Assignment -> Reproduce the data below exactly. Skip the pictures.
====== Provided records
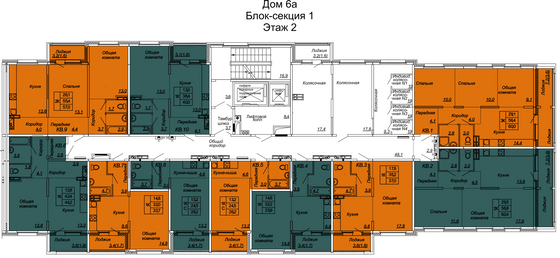 Продажа квартиры-студии 26,2 м², 2/17 этаж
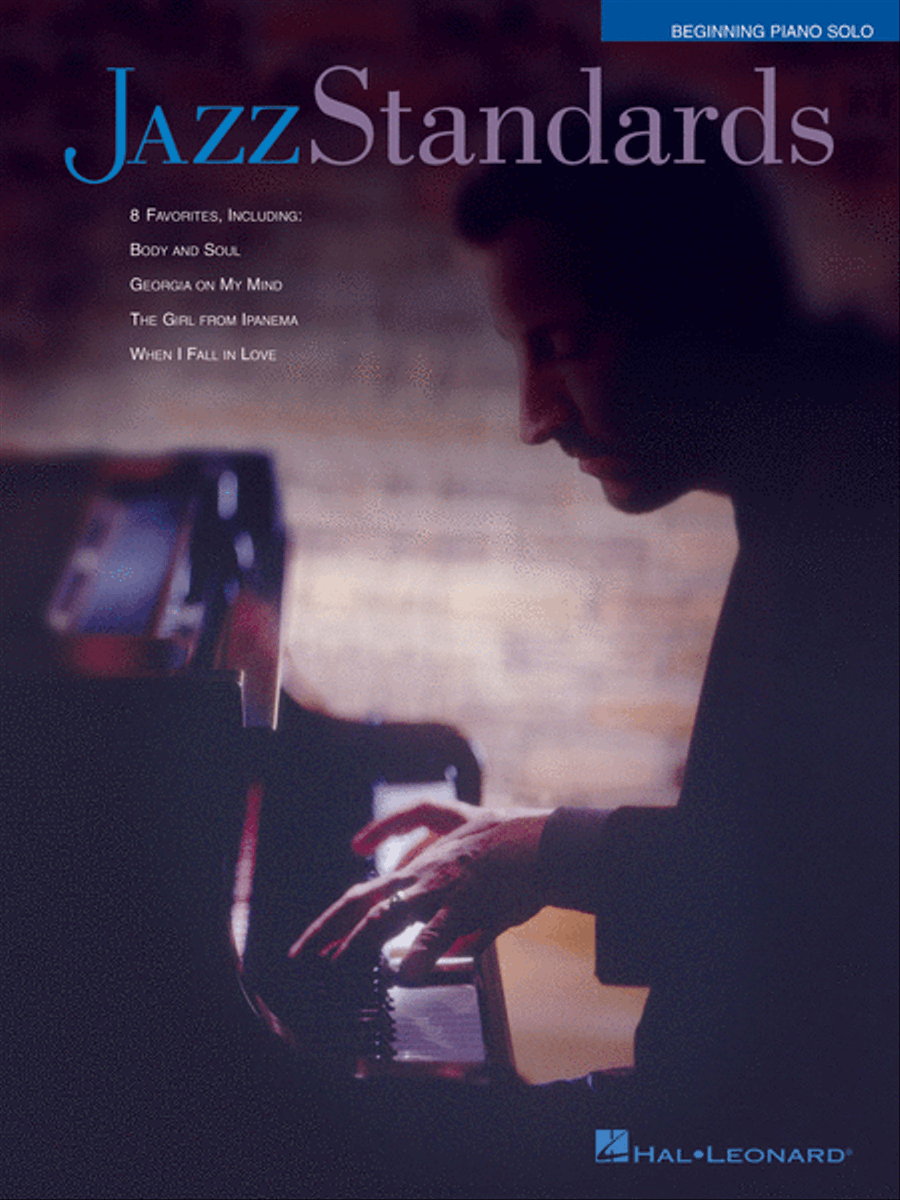 Jazz Standards Jazz Standards Piano Solo scores gallery preview page 1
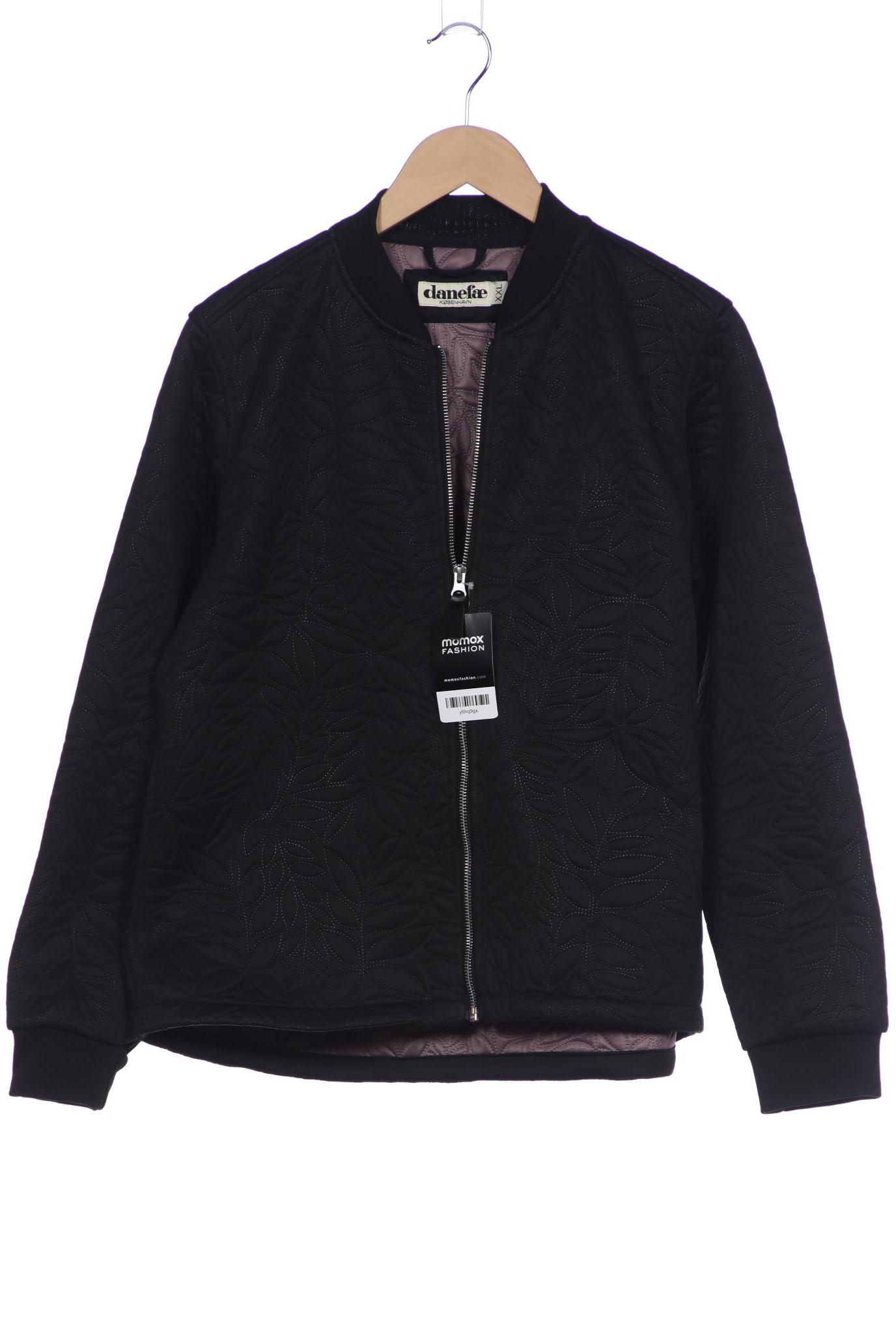 

Danefae Damen Jacke, schwarz, Gr. 46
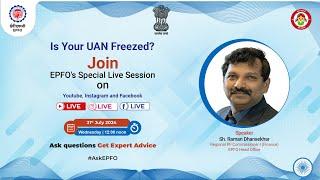 Live Session on Freezed UAN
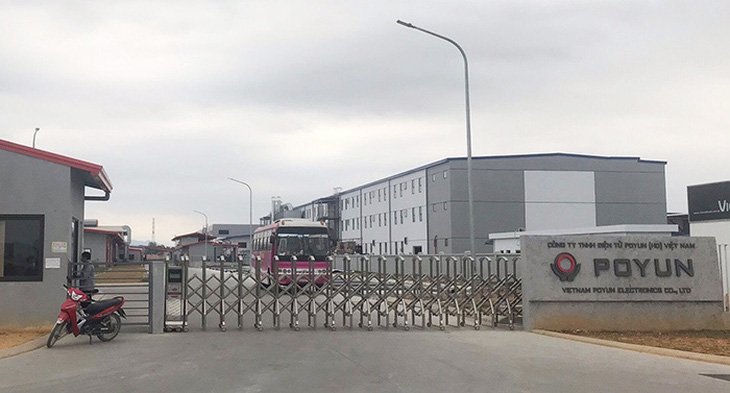 Hải Dương đóng cửa phân xưởng, xét nghiệm COVID-19 toàn bộ công nhân Công ty điện tử POYUN - Ảnh 1.
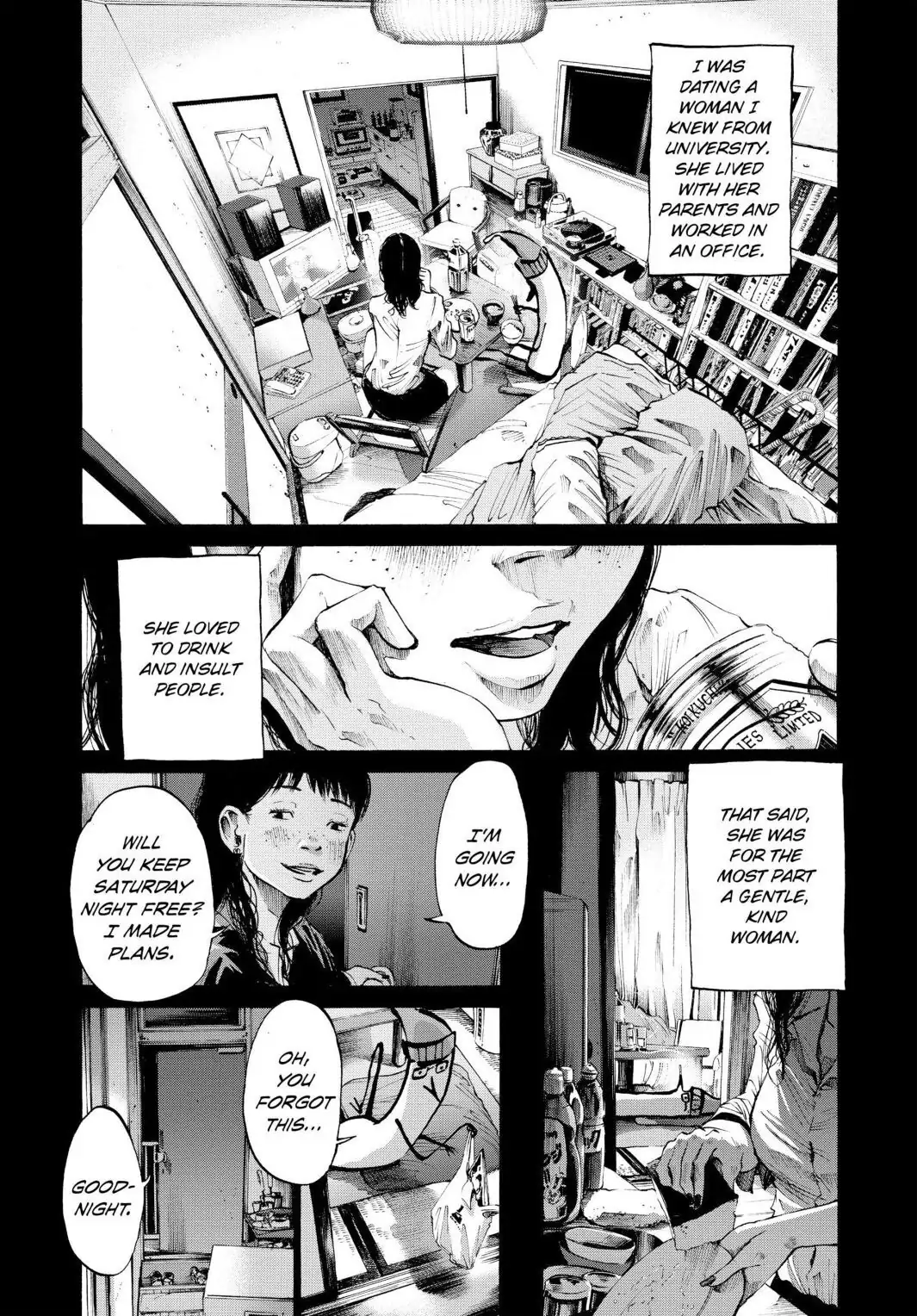 Oyasumi Punpun Chapter 33 image 11
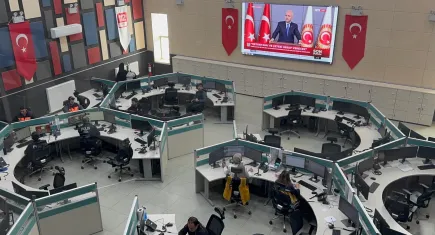 Bitlis 112 Acil Çağrı Merkezi, 2024 yılında 553 bin 27 çağrıya yanıt verdi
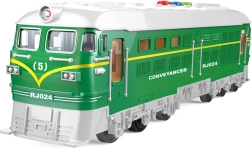 Vztrajnostni vlak s svetlobnimi in zvočnimi učinki 23 cm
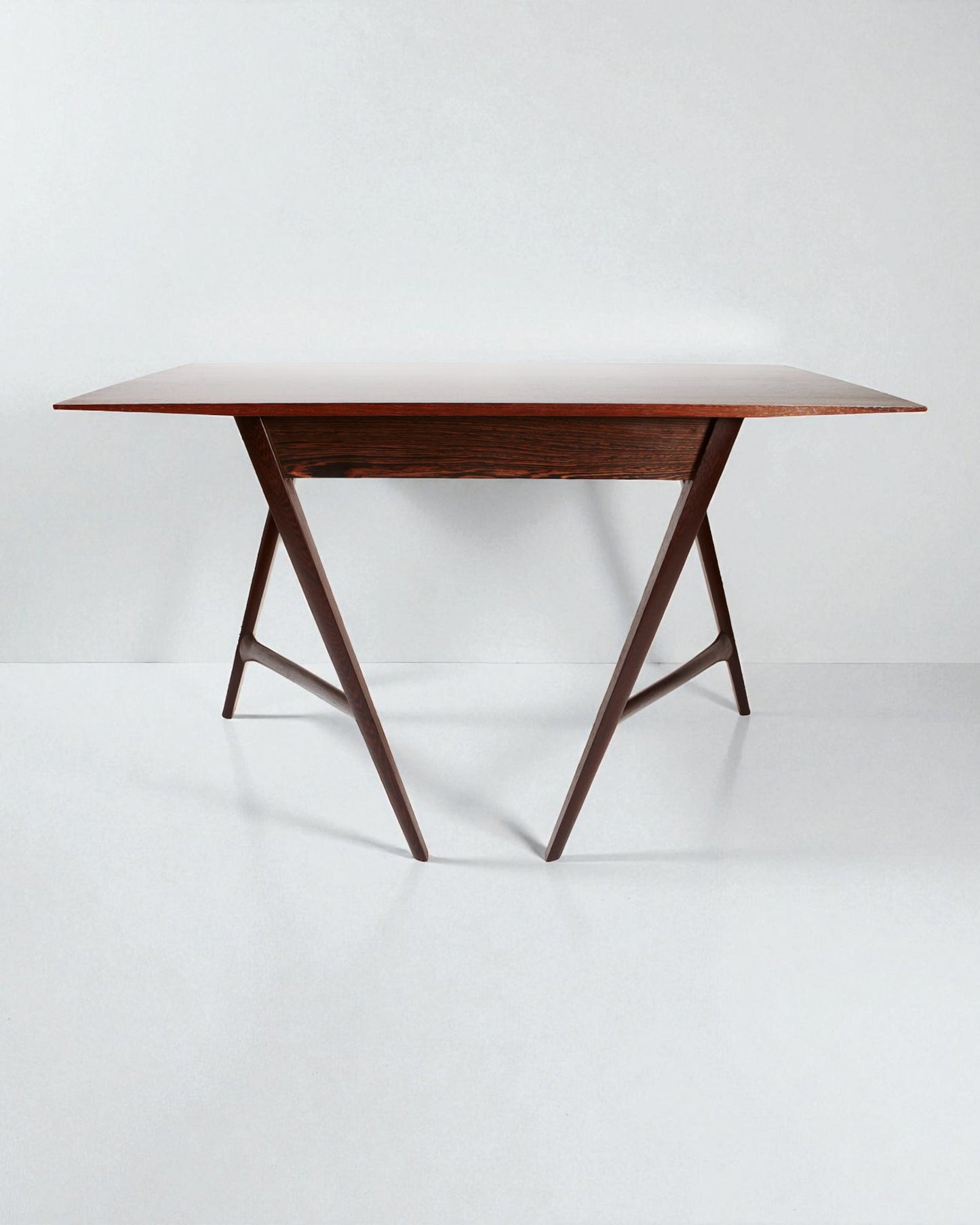 Stealth Desk in Solid Wenge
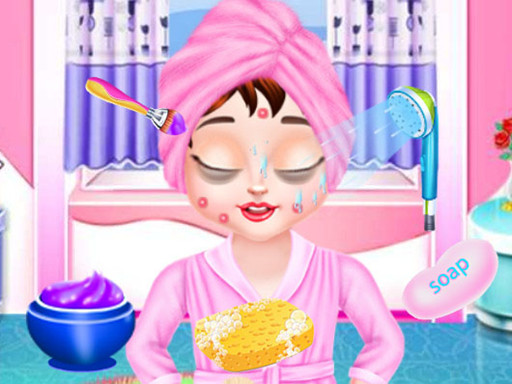 Baby Taylor First Spa - free online Browser game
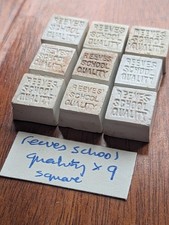 9 Antique Reeves School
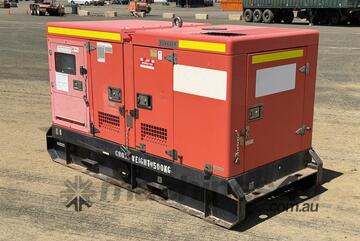 2018 POWERLINK GMS30KS 30KVA GENERATOR
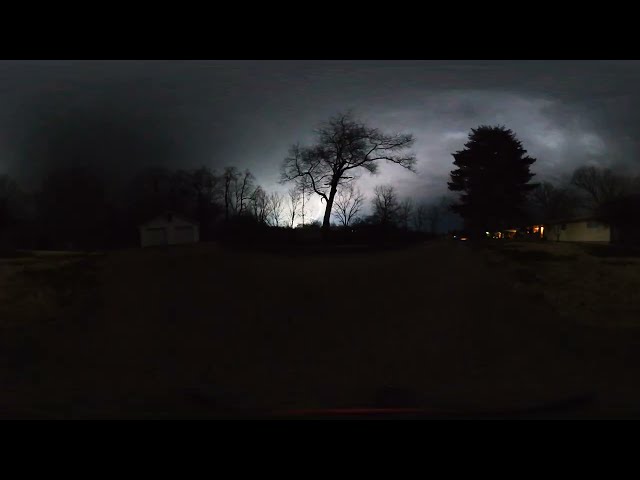 Leaving a 360° camera out during thunderstorm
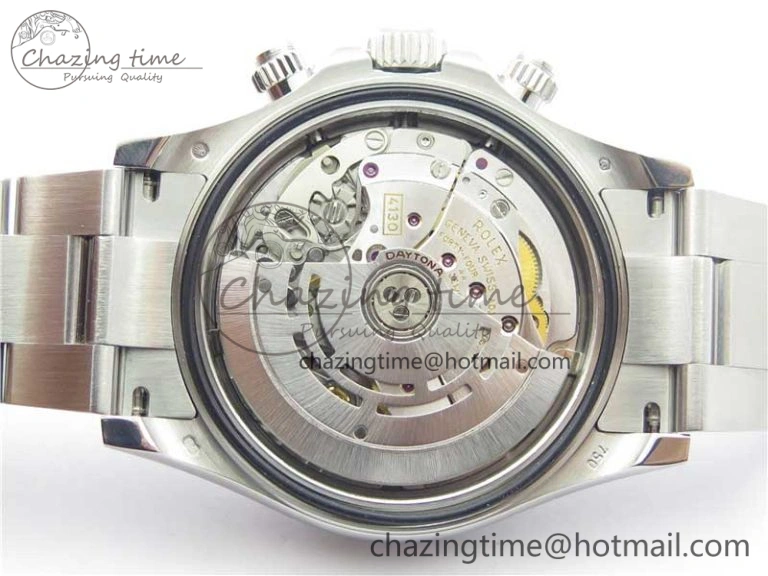 Trendsetting Daytona 116509 SS Noob 1:1 Best Edition 904L SS Case and Bracelet Gray Black Dial SA4130 V 3182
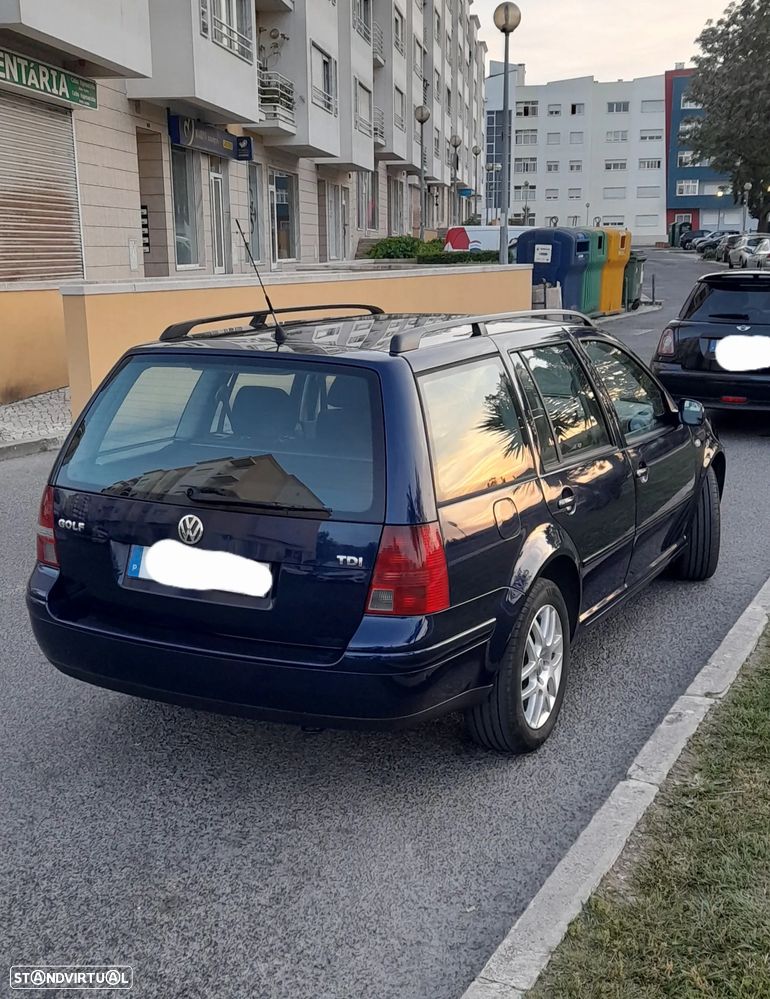 VW Golf Variant 1.9 TDi Confl AC - 4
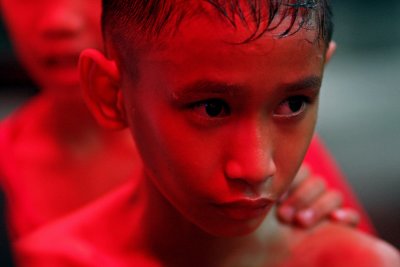 Young Muay Thai boxer-Pattaya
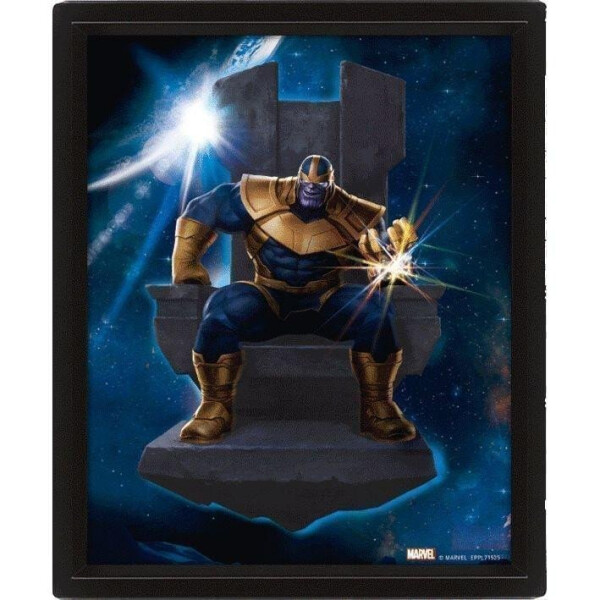 Avengers 3D obraz - Thanos - Pyramid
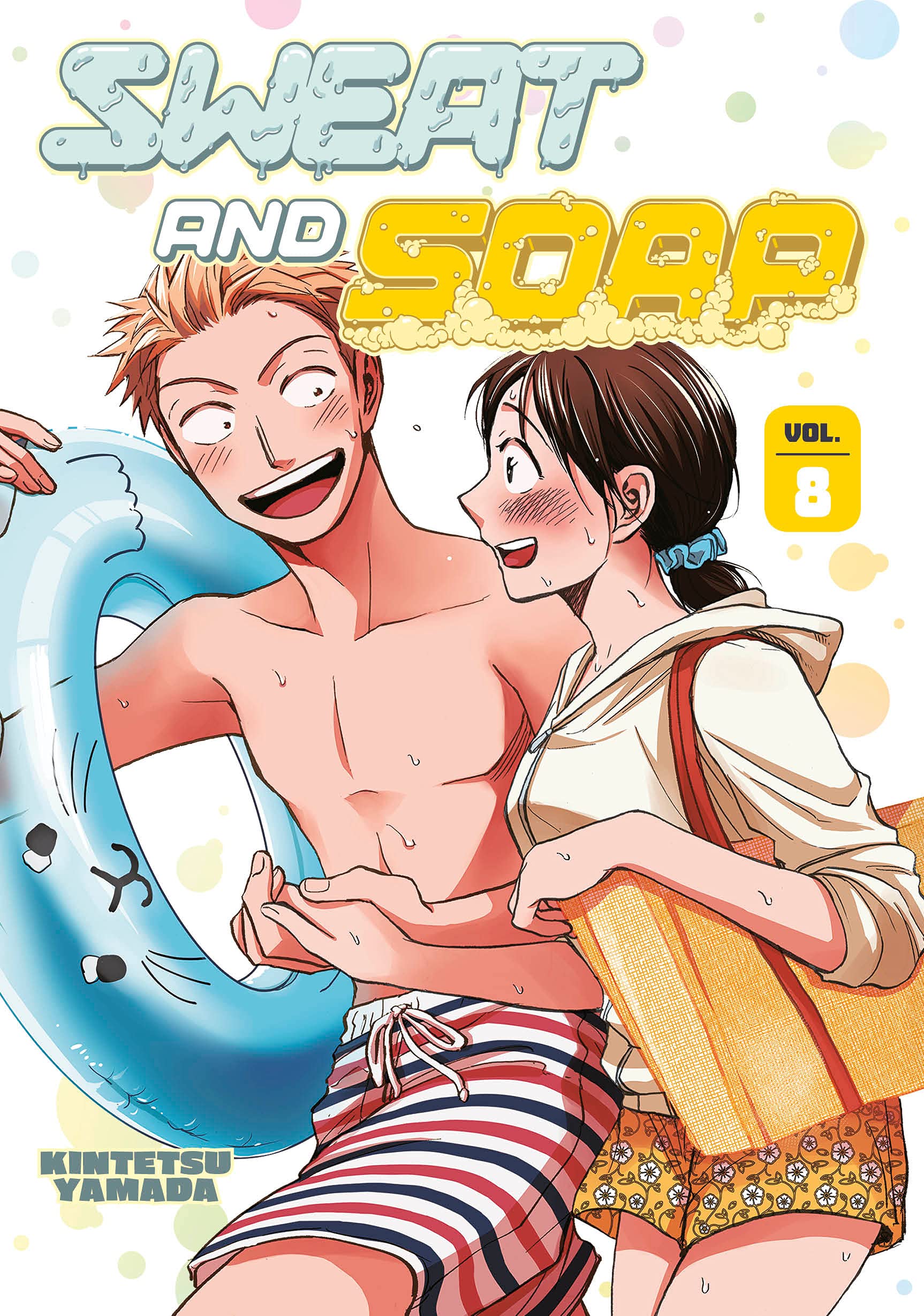 Sweat And Soap Manga Volume 8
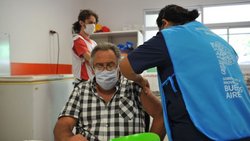 Vacunas reducen drásticamente la hospitalización por Covid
============
Solved exercise ->
 Продажа квартиры-студии 26,2 м², 2/17 этаж
 Jazz Standards Jazz Standards Piano Solo scores gallery preview page 1

Danefae Damen Jacke, schwarz, Gr. 46
 Live Session on Freezed UAN
 Hải Dương đóng cửa phân xưởng, xét nghiệm COVID-19 toàn bộ công nhân Công ty điện tử POYUN - Ảnh 1.
 Oyasumi Punpun Chapter 33 image 11
 Bitlis 112 Acil Çağrı Merkezi, 2024 yılında 553 bin 27 çağrıya yanıt verdi
 Vztrajnostni vlak s svetlobnimi in zvočnimi učinki 23 cm
 Stealth Desk in Solid Wenge
 Baby Taylor First Spa - free online Browser game
 9 Antique Reeves School
 2018 POWERLINK GMS30KS 30KVA GENERATOR
 Leaving a 360° camera out during thunderstorm
 Trendsetting Daytona 116509 SS Noob 1:1 Best Edition 904L SS Case and Bracelet Gray Black Dial SA4130 V 3182
 VW Golf Variant 1.9 TDi Confl AC - 4
 Young Muay Thai boxer-Pattaya
 Avengers 3D obraz - Thanos - Pyramid
 Sweat And Soap Manga Volume 8
 Vacunas reducen drásticamente la hospitalización por Covid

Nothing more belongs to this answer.